Boalt began her studies in Stockholm and received her master's degree in botany, zoology and chemistry from Stockholm University in 1935. She later received a licentiate degree from Lund University in 1963 after writing a thesis on the potential for innovation in households.

==Career==

A course in nutrition at Stockholm University in 1936 led to her first job at Kooperativa Förbundet running a study on eating habits. Between 1939 and 1948 she worked as an assistant under Ernst Abramsson at the Government Institute for Public Health.

In 1944 she became head of research at the newly established Home Research Institute, where a central focus was occupational physiology studies. Conclusions of these studies included that kitchens in many homes were poorly designed. The study of the way homes are constructed is central to the field of Building Function Analysis Boalt would go on to pioneer.

After leaving the HRI in 1957 she continued studies of housework, publishing 1000 husmödrar om hemarbetet (1000 house wives on housework) in 1959 after working in collaboration with Statistics Sweden. She continued to study sociology and statistics while working for the National Institute of Building Research.

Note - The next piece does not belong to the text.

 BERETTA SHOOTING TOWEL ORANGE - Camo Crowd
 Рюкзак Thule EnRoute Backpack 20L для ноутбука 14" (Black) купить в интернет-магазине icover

In the 1960s the newly formed Lunds Tekniska Högskola was seeking a chair in the novel field of Building Function Analysis. Boalt was selected to chair and began in 1964, making her the first female professor in Lund. Due to the field being very new she had to create much of the material herself. LTH became part of Lund University in 1969, and she remained at the university until her retirement in 1977.

=== Retirement ===
Following her retirement in 1977 she moved back to Stockholm. After her retirement she became engaged in disability rights issues, herself having become disabled following treatment for breast cancer. She also frequently engaged in foreign aid work, including a project in Tanzania. Work with disabled children in Tanzania was also a deep engagement of hers.

==Death and legacy==

Boalt remained in Stockholm until her death, dying in 1999 at the age of 87. In 2022 politicians in Lund Municipality voted to name a road, Carin Boalts väg, after her on the Faculty of Engineering campus.